Threaded Rods
To hold our form work together we use threaded rods on walers. The 1/2″ steel rods transfer the force of the concrete’s weight from one form back through the wall to the other form making a full circle.
The rods are expensive up front but reusing them makes them cheaper than the commercial snap ties used on concrete forms. More importantly, the rods and walers are also a lot stronger than the commercial snap ties. The engineer from the concrete readymix company was telling me about being on a job where one snap tie broke and then the entire wall unzipped dumping many truck loads of concrete into someone’s home. That would be a very bad day.

Threaded Rod Cleaning Machine
After the concrete sets we spin and pull the threaded rods so we can reuse them on the next pour. The only problem is they have some concrete stuck to them. To remove the concrete Ben and Will made a little machine that scours the rods, runs a screw point through the threads and then a threaded nut to finish the cleaning. All this is high powered by a drill to make the rod spin quickly and easily.
Outdoors: 40°F/28°F Cloudy, 1/4″ Snow
Tiny Cottage: 66°F/64°F
Daily Spark: Necessity is the Mother of Invention. -Plato
I take it that your sons have inherited their Father’s inventiveness. Good for them and for you. I just continually marvel at what you people are accomplishing.
They are very creative and of the engineering mindset like many of their kin. We’re a clan of tinkers.
yep, me too. love the ingenuity, the resourcefulness, the frugalness and the green-ness. My dad and brothers were of a like mind set. My dad’s talent developed during the Great Depression out of a need, I think — and I suppose, natural ability. My brothers, I imagine, learned at my father’s knee. anyway, I admire all of that and enjoy reading Sugar Mtn Farm. Thanks!
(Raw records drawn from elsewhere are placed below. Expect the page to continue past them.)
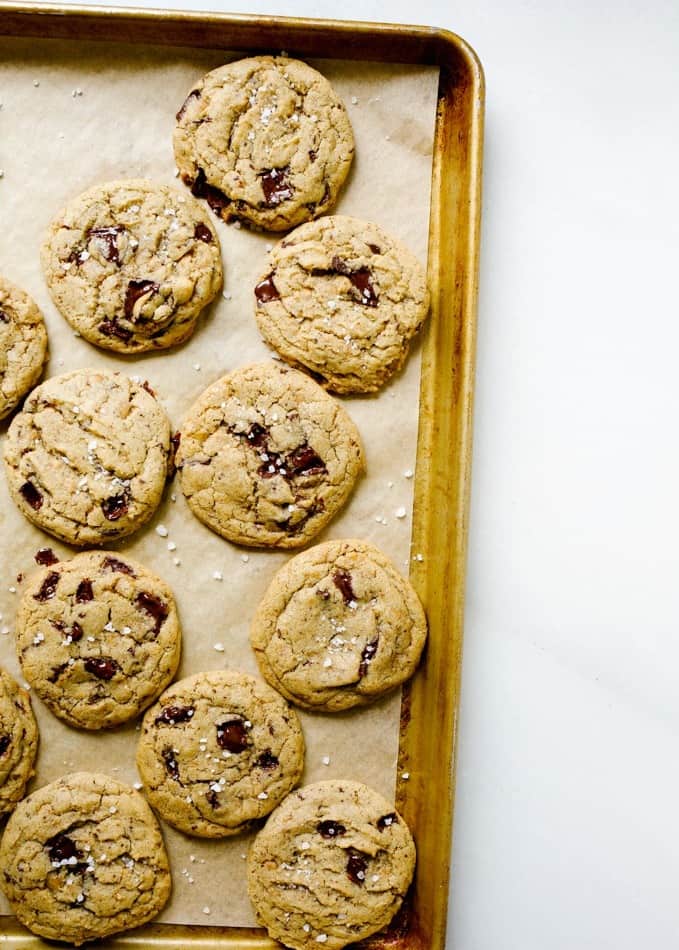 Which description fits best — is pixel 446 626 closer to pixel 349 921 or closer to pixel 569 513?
pixel 569 513

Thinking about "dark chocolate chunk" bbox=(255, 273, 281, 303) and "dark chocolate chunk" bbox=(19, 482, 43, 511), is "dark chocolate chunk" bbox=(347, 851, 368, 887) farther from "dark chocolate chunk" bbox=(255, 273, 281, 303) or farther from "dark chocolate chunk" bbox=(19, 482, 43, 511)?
"dark chocolate chunk" bbox=(255, 273, 281, 303)

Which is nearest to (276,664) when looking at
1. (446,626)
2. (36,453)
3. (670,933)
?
(446,626)

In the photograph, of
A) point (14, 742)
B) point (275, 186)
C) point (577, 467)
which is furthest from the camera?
point (577, 467)

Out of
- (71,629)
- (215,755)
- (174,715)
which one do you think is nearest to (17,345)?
(71,629)

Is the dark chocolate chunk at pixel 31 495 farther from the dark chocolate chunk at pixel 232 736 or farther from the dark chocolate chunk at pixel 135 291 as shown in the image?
the dark chocolate chunk at pixel 232 736

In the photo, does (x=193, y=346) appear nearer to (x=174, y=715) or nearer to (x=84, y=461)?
(x=84, y=461)

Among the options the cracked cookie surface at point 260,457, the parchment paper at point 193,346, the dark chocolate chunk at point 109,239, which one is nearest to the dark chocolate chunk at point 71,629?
the parchment paper at point 193,346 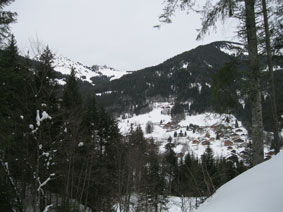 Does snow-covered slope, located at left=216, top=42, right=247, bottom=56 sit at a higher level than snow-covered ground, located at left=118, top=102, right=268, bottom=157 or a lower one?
higher

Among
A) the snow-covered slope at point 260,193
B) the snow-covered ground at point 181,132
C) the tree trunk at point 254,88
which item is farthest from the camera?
the snow-covered ground at point 181,132

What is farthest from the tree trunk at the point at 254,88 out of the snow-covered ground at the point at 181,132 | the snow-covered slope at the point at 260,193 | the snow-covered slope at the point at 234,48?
the snow-covered ground at the point at 181,132

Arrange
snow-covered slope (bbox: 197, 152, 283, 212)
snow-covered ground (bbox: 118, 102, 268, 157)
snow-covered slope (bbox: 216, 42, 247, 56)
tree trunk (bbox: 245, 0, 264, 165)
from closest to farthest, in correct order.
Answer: snow-covered slope (bbox: 197, 152, 283, 212) → tree trunk (bbox: 245, 0, 264, 165) → snow-covered slope (bbox: 216, 42, 247, 56) → snow-covered ground (bbox: 118, 102, 268, 157)

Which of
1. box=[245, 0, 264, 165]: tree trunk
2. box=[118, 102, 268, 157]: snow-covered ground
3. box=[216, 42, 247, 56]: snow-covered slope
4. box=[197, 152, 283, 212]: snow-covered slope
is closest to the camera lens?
box=[197, 152, 283, 212]: snow-covered slope

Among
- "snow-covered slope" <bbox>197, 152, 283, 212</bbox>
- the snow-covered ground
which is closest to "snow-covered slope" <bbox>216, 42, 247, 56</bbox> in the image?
"snow-covered slope" <bbox>197, 152, 283, 212</bbox>

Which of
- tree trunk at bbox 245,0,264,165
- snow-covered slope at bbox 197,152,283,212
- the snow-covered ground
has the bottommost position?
the snow-covered ground

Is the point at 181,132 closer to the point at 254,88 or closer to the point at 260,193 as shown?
the point at 254,88

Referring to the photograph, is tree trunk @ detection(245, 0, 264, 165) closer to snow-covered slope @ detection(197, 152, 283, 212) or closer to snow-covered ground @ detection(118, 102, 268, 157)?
snow-covered slope @ detection(197, 152, 283, 212)

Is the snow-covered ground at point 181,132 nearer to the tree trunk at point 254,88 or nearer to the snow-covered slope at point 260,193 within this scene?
the tree trunk at point 254,88

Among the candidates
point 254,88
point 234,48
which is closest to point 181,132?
point 234,48

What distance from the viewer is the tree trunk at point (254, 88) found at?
515cm

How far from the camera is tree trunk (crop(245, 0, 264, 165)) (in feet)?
16.9

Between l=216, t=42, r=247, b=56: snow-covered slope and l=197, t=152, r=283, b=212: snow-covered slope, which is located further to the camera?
l=216, t=42, r=247, b=56: snow-covered slope

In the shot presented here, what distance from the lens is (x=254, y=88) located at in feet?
16.8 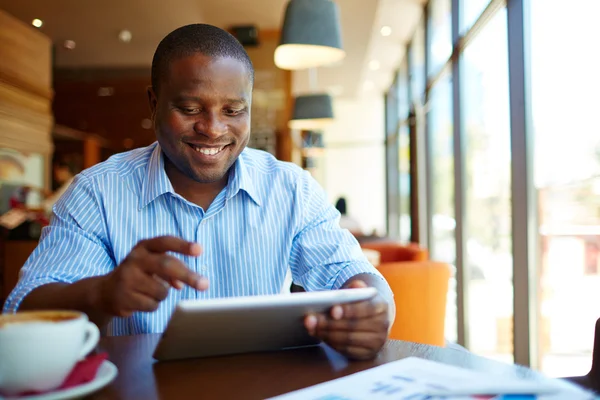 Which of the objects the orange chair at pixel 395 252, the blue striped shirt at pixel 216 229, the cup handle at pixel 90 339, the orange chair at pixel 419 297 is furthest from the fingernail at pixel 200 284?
the orange chair at pixel 395 252

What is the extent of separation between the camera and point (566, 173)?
2.87 meters

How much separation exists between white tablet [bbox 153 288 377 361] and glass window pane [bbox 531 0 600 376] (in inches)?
74.3

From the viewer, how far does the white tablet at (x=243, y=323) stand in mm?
809

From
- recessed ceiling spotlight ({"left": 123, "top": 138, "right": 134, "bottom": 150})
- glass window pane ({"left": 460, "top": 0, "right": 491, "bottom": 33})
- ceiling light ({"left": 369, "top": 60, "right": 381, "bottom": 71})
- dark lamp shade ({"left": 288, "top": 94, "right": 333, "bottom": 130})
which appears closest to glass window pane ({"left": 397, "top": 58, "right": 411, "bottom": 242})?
ceiling light ({"left": 369, "top": 60, "right": 381, "bottom": 71})

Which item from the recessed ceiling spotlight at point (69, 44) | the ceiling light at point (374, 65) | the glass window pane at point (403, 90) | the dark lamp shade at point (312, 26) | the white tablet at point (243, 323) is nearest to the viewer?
the white tablet at point (243, 323)

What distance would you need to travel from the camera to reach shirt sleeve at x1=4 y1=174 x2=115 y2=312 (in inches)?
46.0

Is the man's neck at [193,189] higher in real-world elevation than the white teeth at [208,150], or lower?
lower

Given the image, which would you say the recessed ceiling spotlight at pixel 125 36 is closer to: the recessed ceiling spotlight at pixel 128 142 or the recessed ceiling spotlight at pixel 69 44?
the recessed ceiling spotlight at pixel 69 44

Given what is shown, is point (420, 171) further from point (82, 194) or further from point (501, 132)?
point (82, 194)

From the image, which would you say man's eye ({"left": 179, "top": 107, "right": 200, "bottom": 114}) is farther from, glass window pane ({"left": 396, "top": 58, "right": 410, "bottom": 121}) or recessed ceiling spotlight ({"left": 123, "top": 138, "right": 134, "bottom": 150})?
recessed ceiling spotlight ({"left": 123, "top": 138, "right": 134, "bottom": 150})

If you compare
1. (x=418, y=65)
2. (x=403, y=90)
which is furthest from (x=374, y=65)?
(x=418, y=65)

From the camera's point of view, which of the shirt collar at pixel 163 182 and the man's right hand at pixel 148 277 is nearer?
the man's right hand at pixel 148 277

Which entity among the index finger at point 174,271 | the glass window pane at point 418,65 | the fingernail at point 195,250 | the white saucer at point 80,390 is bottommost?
the white saucer at point 80,390

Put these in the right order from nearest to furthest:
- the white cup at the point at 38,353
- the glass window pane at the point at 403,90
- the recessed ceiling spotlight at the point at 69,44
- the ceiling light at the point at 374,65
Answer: the white cup at the point at 38,353, the recessed ceiling spotlight at the point at 69,44, the glass window pane at the point at 403,90, the ceiling light at the point at 374,65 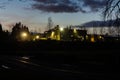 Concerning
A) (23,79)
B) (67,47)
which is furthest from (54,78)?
(67,47)

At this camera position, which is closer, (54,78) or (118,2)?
(54,78)

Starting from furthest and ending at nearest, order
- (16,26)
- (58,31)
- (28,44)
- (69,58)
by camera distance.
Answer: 1. (16,26)
2. (58,31)
3. (28,44)
4. (69,58)

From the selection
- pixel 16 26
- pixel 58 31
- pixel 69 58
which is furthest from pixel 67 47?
pixel 16 26

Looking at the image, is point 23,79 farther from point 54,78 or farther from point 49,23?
point 49,23

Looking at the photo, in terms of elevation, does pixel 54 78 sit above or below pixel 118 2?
below

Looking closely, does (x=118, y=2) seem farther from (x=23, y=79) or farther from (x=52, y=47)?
(x=52, y=47)

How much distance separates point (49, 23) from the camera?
129 m

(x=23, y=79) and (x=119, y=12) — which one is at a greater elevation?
(x=119, y=12)

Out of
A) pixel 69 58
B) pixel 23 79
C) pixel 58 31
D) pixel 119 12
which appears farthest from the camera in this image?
pixel 58 31

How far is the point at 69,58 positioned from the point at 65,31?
49.7 meters

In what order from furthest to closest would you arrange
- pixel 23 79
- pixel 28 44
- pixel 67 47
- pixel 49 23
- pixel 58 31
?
pixel 49 23, pixel 58 31, pixel 28 44, pixel 67 47, pixel 23 79

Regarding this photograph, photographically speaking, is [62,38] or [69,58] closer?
[69,58]

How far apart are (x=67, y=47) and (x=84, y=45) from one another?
3.67 meters

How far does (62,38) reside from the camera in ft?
277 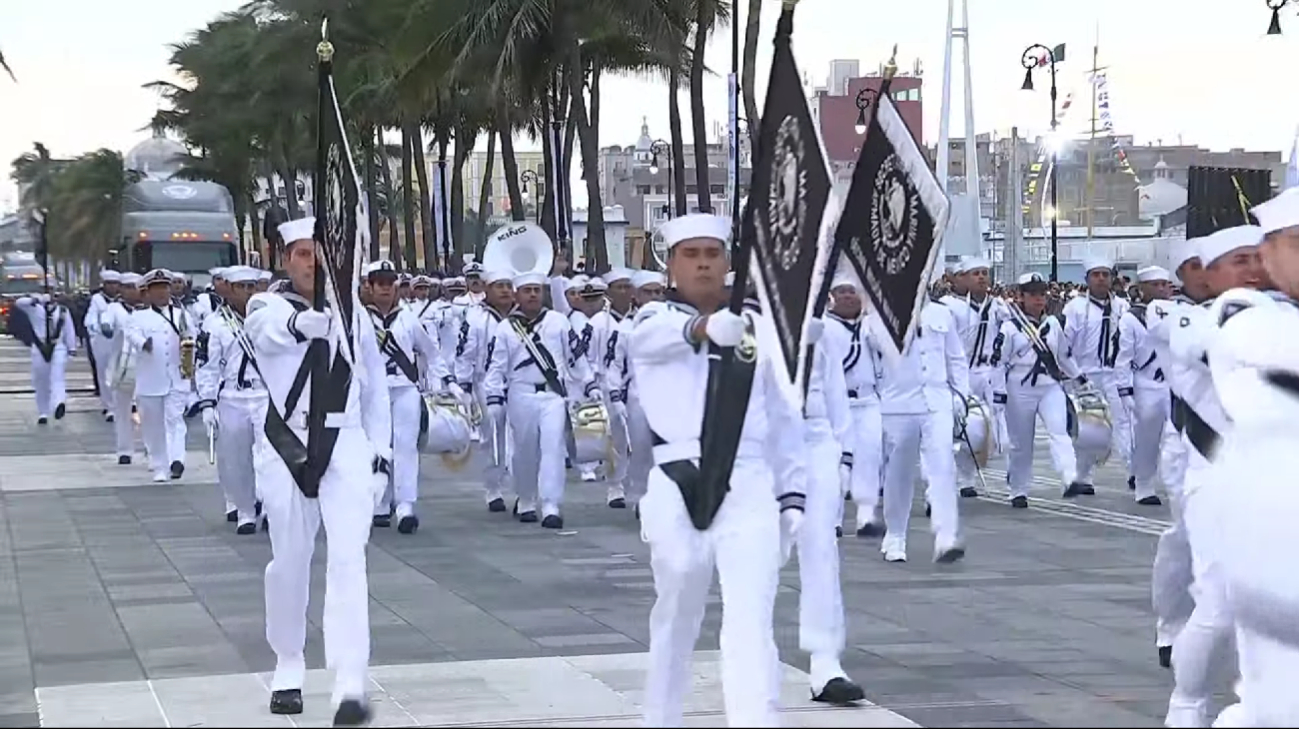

I’m trying to catch up on life and events at SMF; your blog is wonderful and so is the progress on your grand project. I am very impressed by Ben and Will’s threaded rod cleaning tool. It looks a little rough, as do all prototypes, but they have addressed a wide variety of issues assuring that the tool works. Well done guys, I appreciate the engineering skills which you are acquiring and using to advance this very complicated project.